Source data
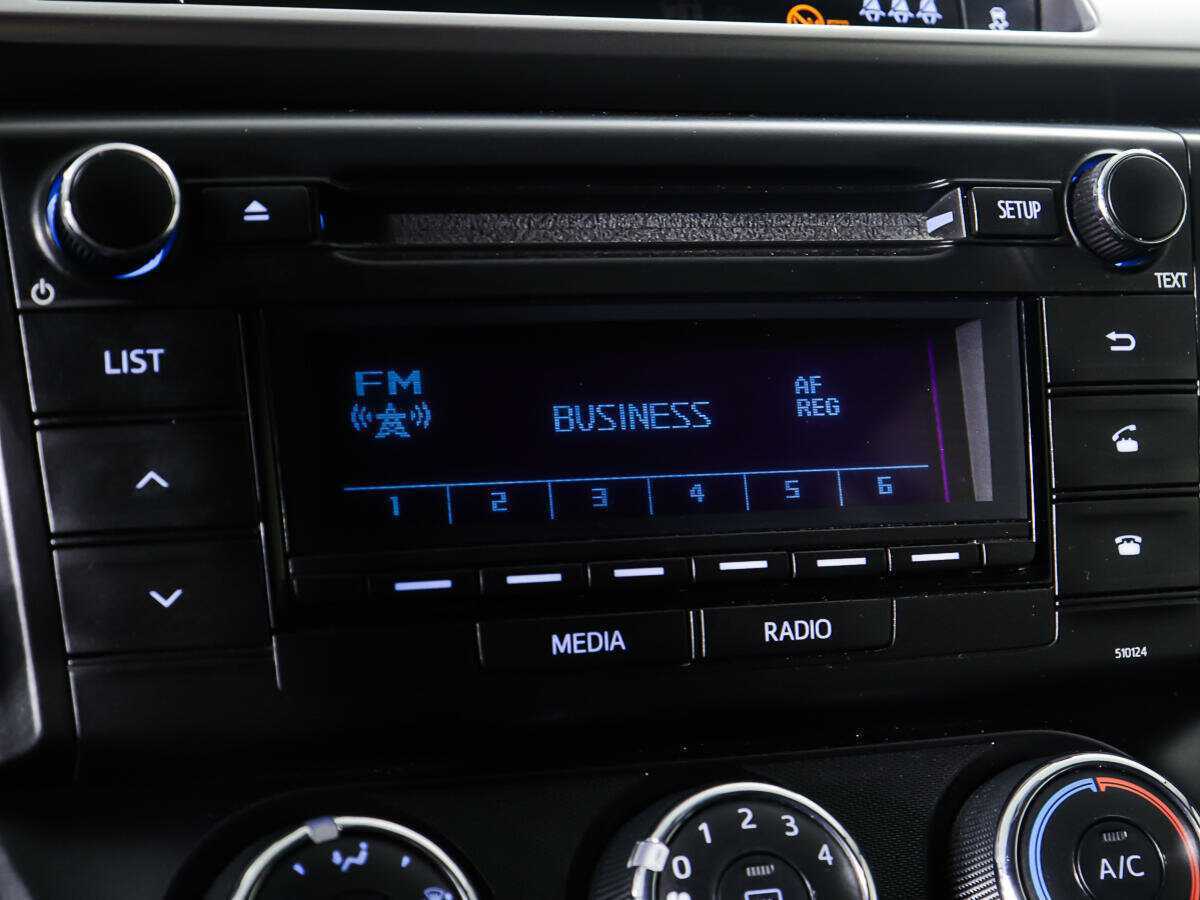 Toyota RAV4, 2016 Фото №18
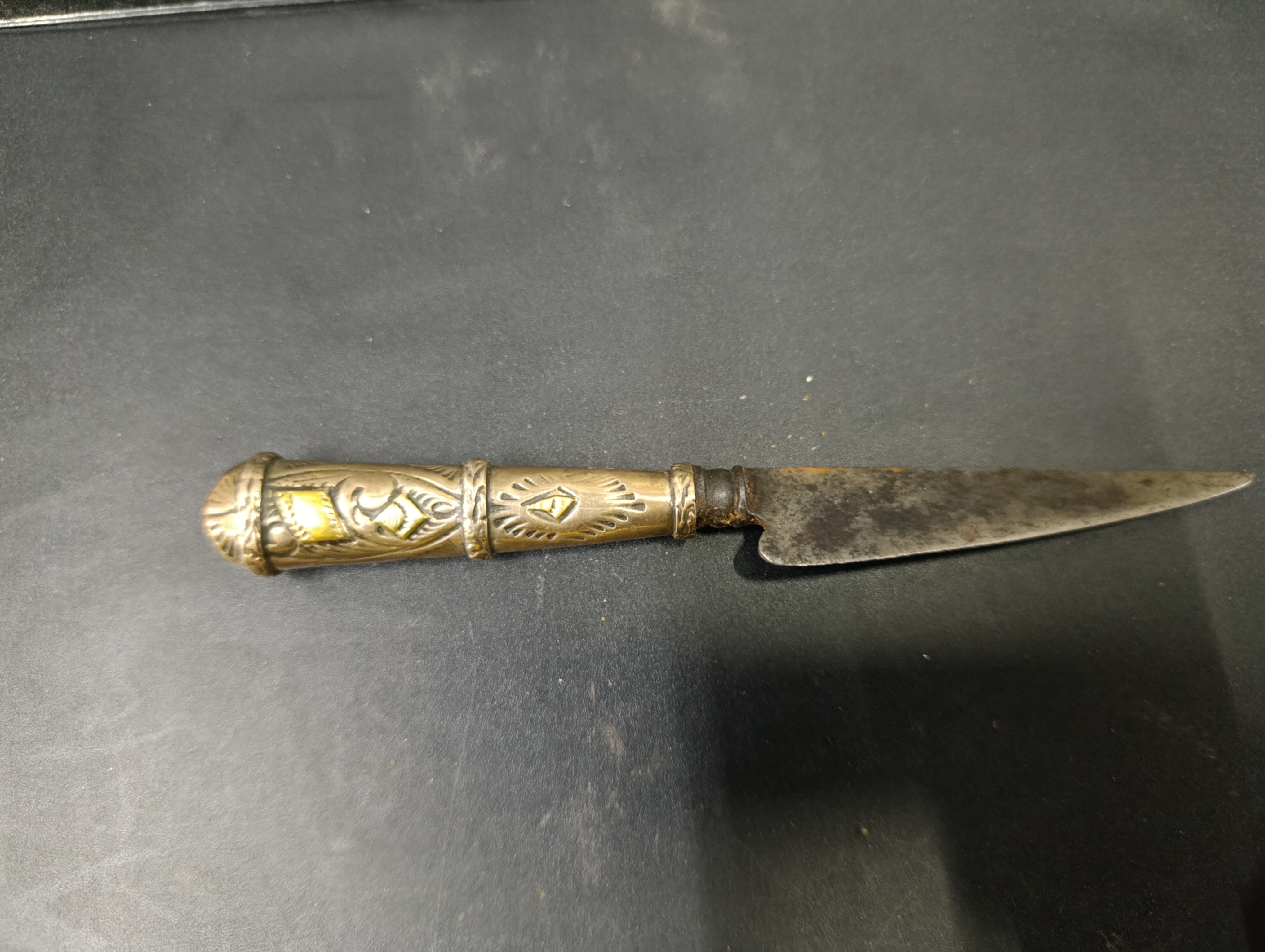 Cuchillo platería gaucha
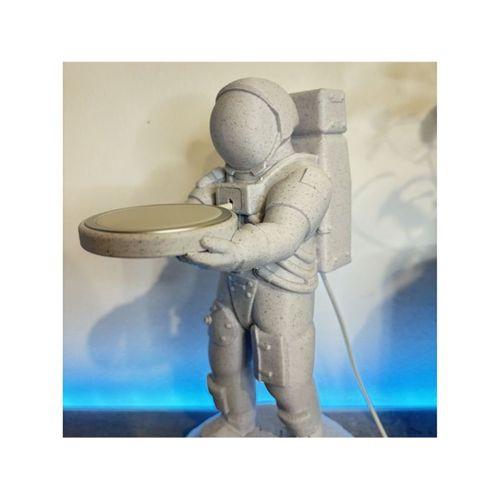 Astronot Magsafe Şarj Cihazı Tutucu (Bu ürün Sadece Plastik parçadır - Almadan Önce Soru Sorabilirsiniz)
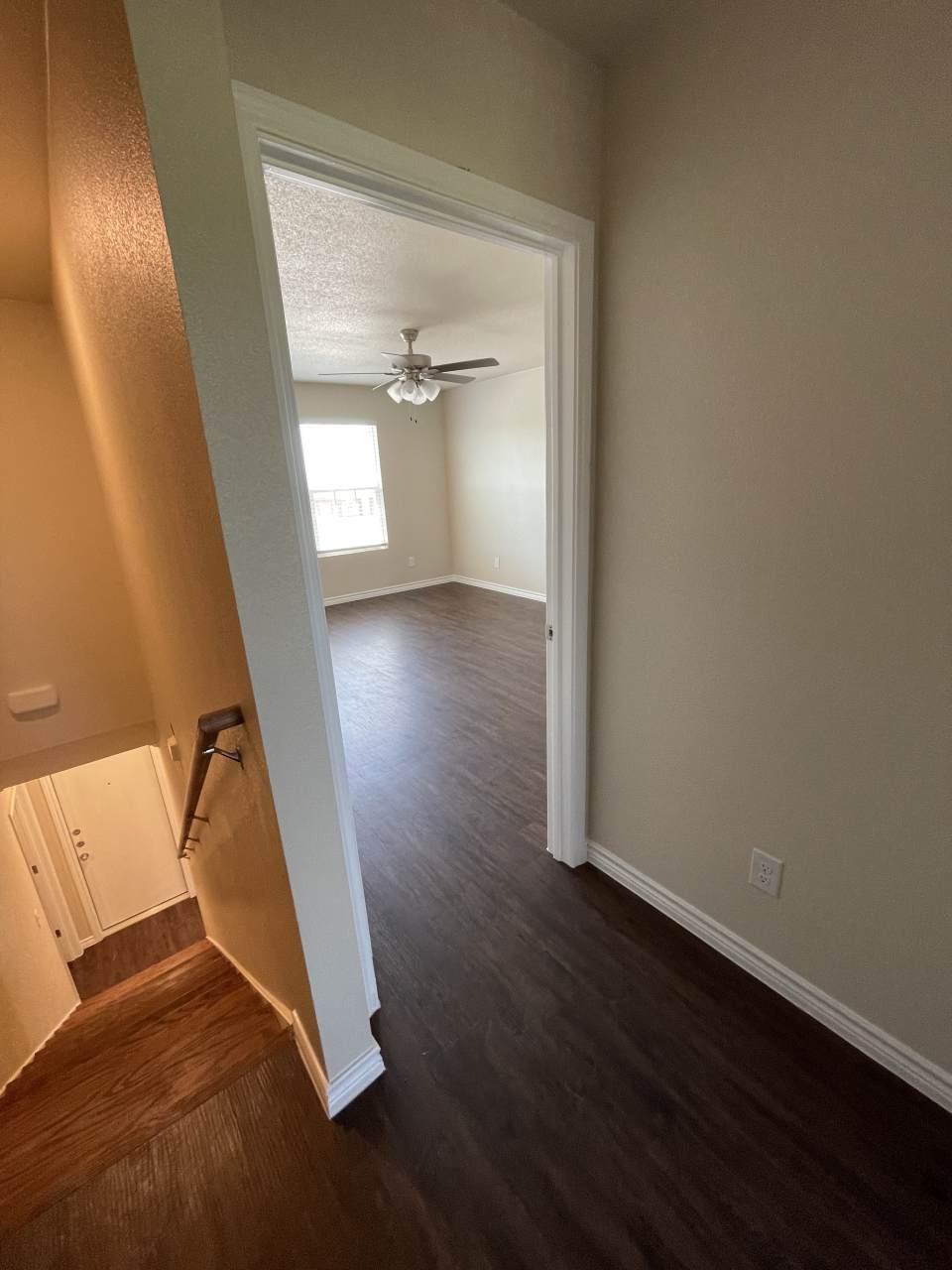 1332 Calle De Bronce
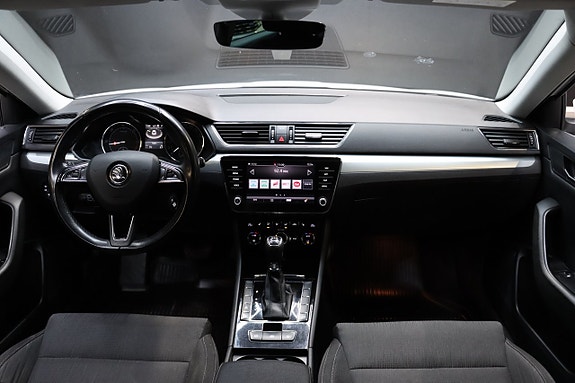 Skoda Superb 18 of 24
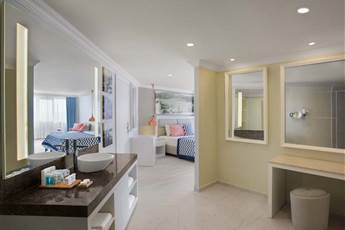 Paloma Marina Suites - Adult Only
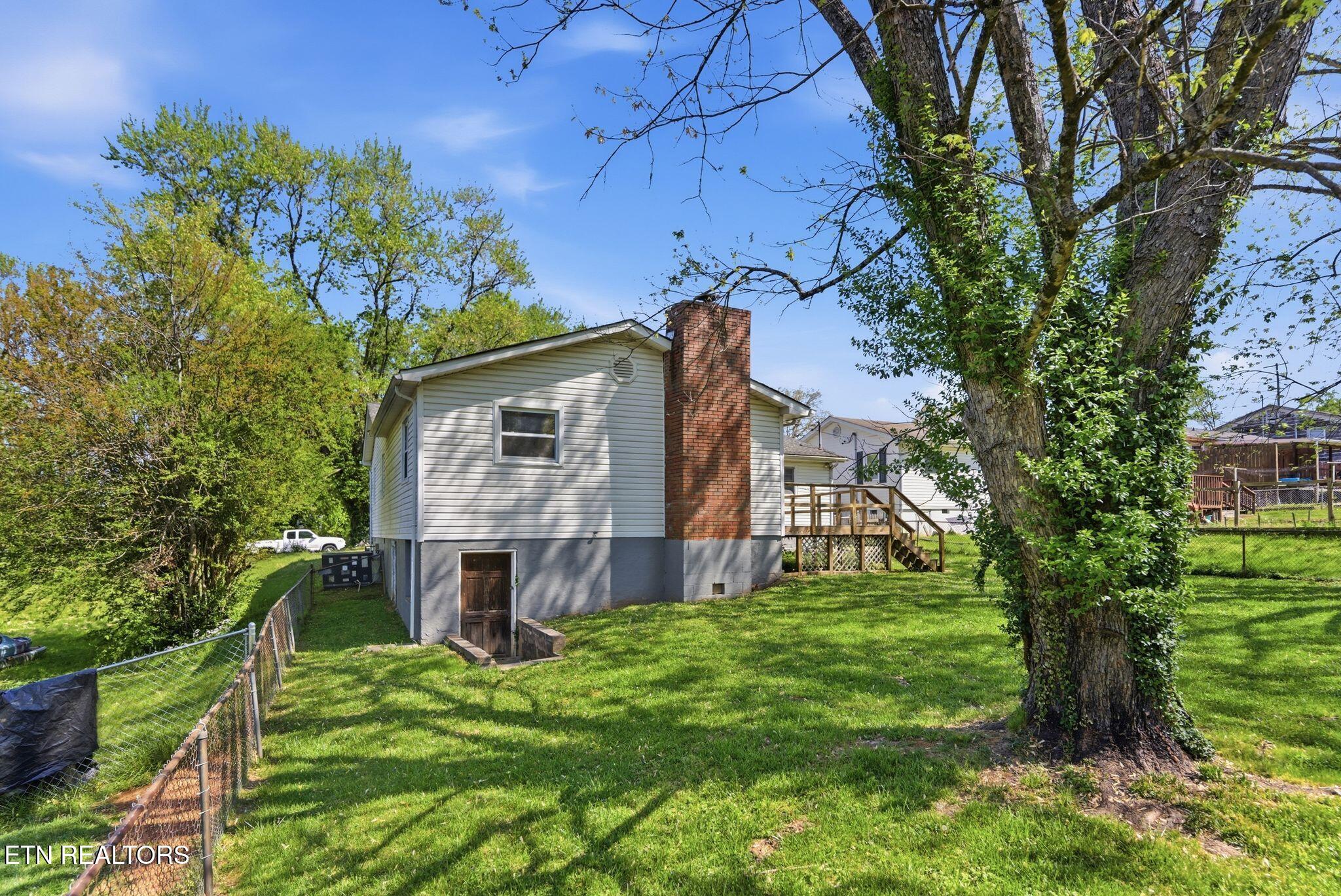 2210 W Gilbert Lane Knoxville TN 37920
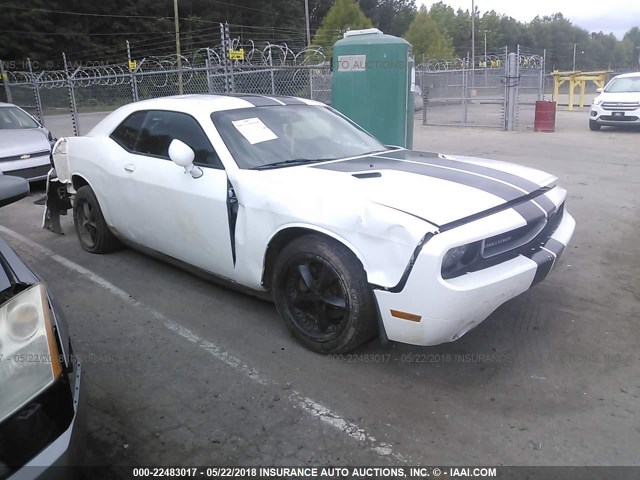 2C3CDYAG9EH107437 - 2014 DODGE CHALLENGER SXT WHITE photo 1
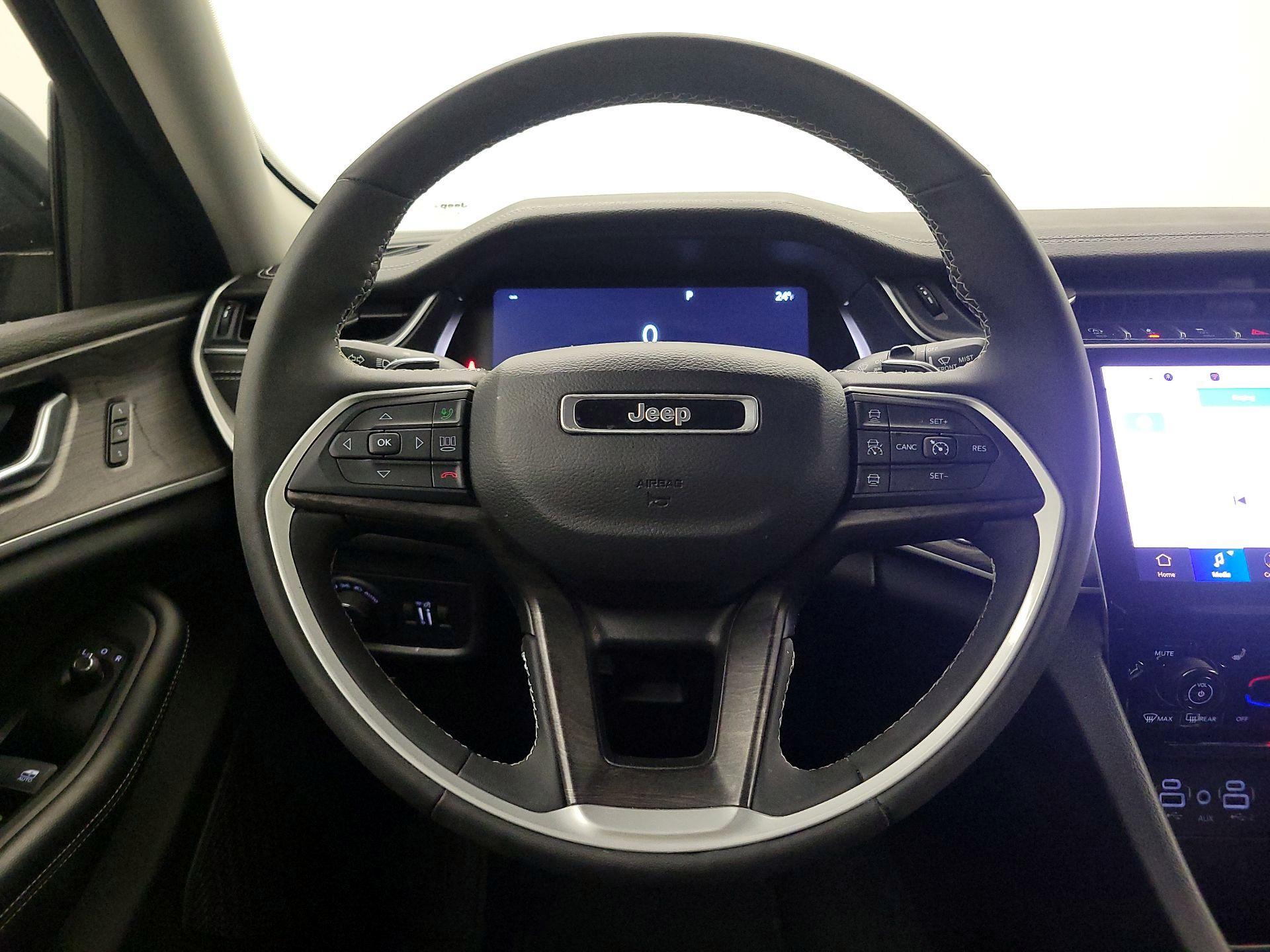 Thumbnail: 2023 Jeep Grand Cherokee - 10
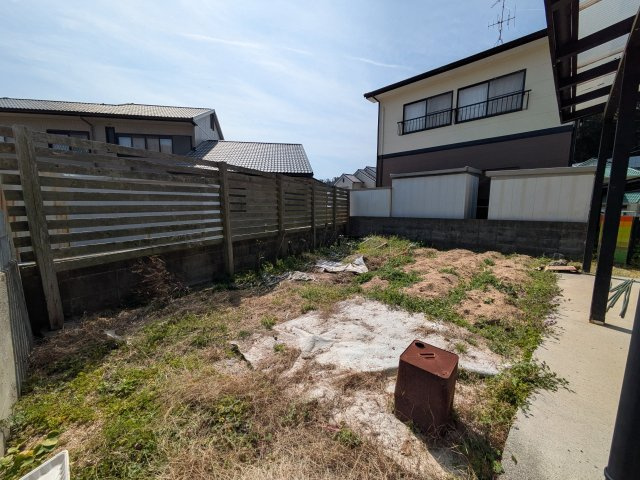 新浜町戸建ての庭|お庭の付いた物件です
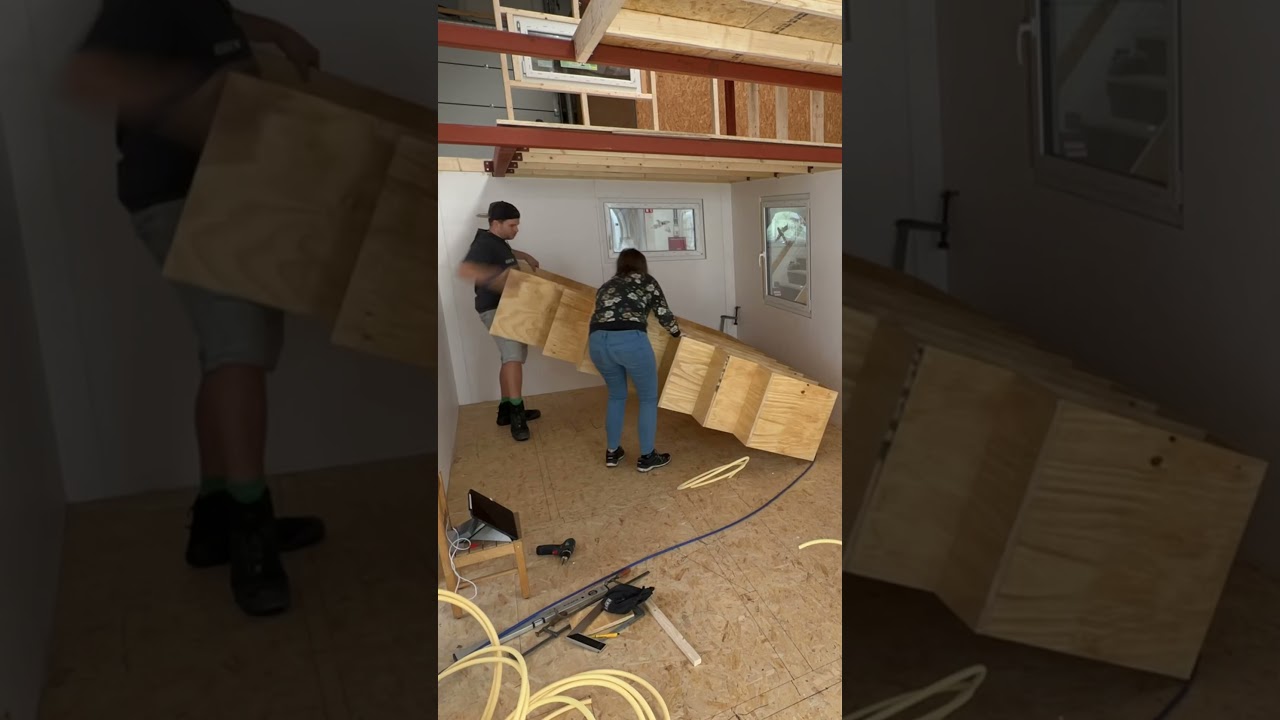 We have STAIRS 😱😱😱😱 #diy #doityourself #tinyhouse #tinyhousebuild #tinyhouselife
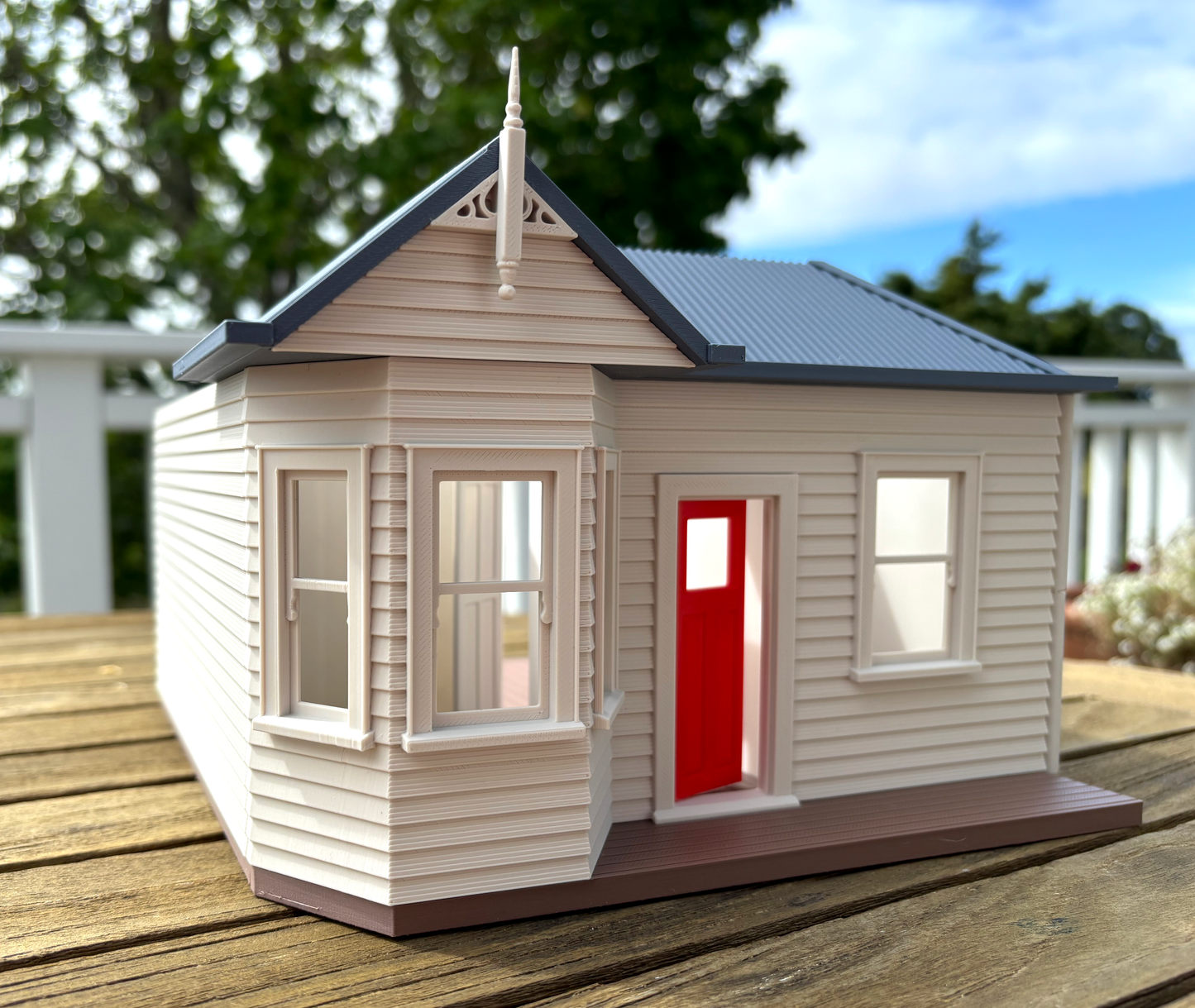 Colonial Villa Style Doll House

- Task item:
Each record above needs to be transcribed word for word, with its pictures omitted.

- Your response:
 Toyota RAV4, 2016 Фото №18
 Cuchillo platería gaucha
 Astronot Magsafe Şarj Cihazı Tutucu (Bu ürün Sadece Plastik parçadır - Almadan Önce Soru Sorabilirsiniz)
 1332 Calle De Bronce
 Skoda Superb 18 of 24
 Paloma Marina Suites - Adult Only
 2210 W Gilbert Lane Knoxville TN 37920
 2C3CDYAG9EH107437 - 2014 DODGE CHALLENGER SXT WHITE photo 1
 Thumbnail: 2023 Jeep Grand Cherokee - 10
 新浜町戸建ての庭|お庭の付いた物件です
 We have STAIRS 😱😱😱😱 #diy #doityourself #tinyhouse #tinyhousebuild #tinyhouselife
 Colonial Villa Style Doll House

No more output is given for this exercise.